(Dataset content Opens)

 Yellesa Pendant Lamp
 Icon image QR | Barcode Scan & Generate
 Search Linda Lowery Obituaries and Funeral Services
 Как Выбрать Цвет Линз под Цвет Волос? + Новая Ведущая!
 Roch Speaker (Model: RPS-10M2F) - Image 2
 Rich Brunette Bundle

(Dataset content Closes)
(Dataset content Opens)

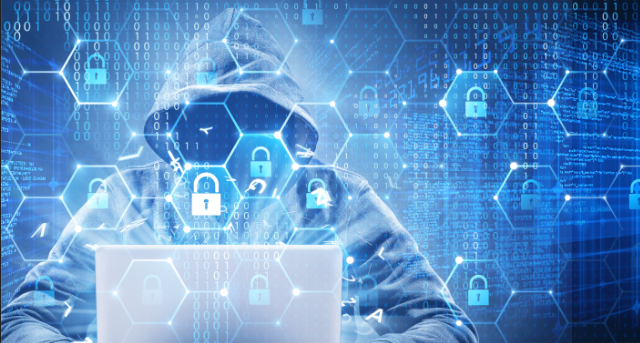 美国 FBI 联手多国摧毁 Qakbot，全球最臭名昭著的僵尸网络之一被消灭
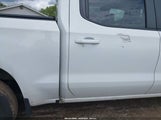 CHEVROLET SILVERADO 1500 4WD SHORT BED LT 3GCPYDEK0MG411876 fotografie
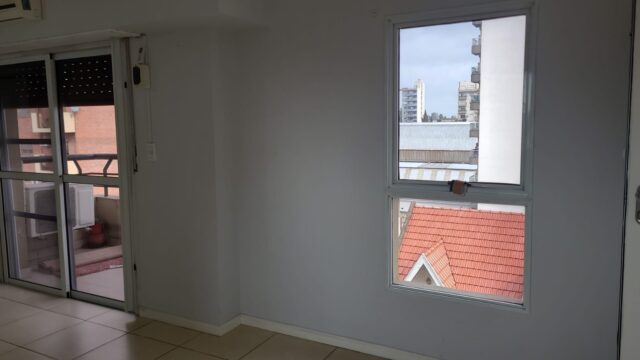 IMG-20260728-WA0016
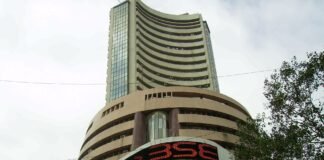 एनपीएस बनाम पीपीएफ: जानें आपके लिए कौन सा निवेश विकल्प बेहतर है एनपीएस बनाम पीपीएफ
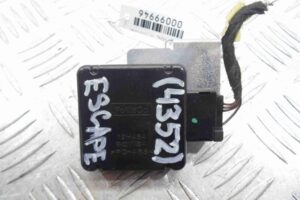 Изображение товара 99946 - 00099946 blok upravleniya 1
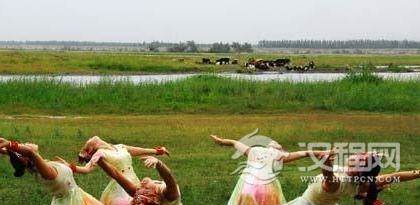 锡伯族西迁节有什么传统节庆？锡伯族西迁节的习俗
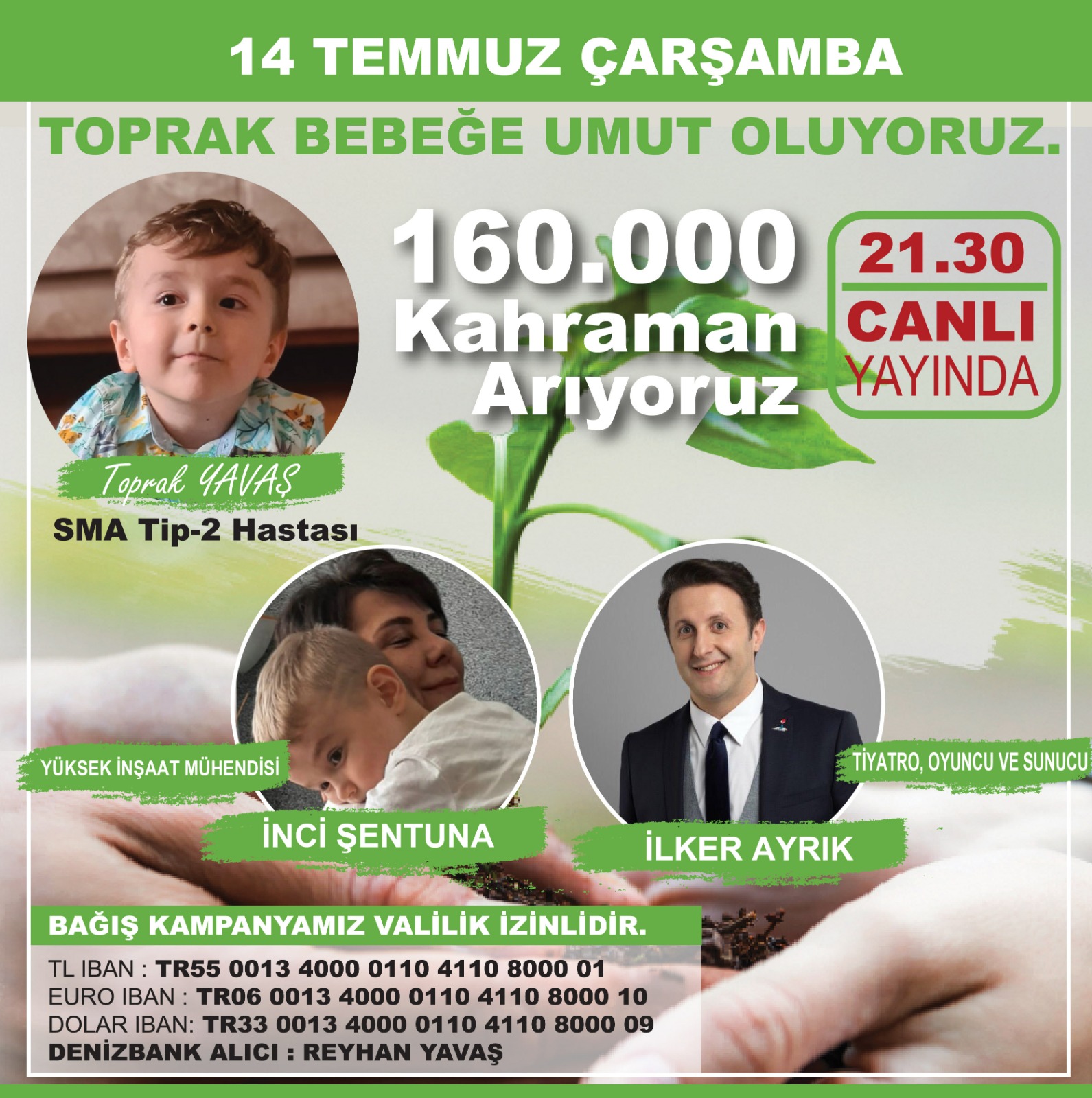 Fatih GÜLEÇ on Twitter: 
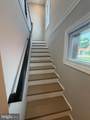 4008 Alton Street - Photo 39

(Dataset content Closes)

## Assigned task:
What is needed is an exact copy of only the lines above from the one with "Fatih GÜLEÇ on" to the one with "4008 Alton Street - Photo 39", both kept, with every picture left out.

## Final answer:
 Fatih GÜLEÇ on Twitter: 
 4008 Alton Street - Photo 39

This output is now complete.